We all know what it means to be bilingual, but have you heard of what it means to be bimusical? Bimusicals are people who have been exposed to, and have grown familiar with, more than one genre of music. It’s easy to fall into a comfortable place listening to music that is local to where you live or popular among your peers, but being monomusical could be greatly hurting your creativity and growth as an artist in the music profession.

Research by Peter Wong on the bimusical brain and how it processes music has shown that bimusicals use different neural resources to distinguish between one musical system and another, and demonstrate a more complex behavioral-neural relationship. Simply put, people exposed to a wide variety of music are more likely to engage the emotional part of the brain to differentiate between types of music. And while bimusicals aren’t the only ones who use the emotional part of the brain when listening to music, due to their familiarity with various sounds and genres of music, they report feeling less tension when listening to unknown or foreign music. Interesting.

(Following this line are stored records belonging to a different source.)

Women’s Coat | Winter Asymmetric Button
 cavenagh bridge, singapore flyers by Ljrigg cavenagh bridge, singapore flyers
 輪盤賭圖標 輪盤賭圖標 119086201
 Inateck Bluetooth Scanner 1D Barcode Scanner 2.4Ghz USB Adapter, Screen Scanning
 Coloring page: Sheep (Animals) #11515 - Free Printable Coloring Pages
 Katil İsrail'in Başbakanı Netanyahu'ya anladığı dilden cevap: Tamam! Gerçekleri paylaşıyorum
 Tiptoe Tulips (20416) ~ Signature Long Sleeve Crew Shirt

There are many takeaways from this study and the theories surrounding it, and musicians especially can benefit from understanding how exposure to different types of music affects the brain. Listening to various genres of music can not only make you more comfortable experimenting with new sounds, it can evoke certain emotions that may spur some creativity – creativity that had been hindered by the comfort of having been exposed to the same music all the time. Becoming more familiar with new and unusual sounds can make for a more well-rounded and unbiased musician, one who isn’t afraid to take risks. And, as we know, risk-taking can be a necessary step in creating innovative or unique music.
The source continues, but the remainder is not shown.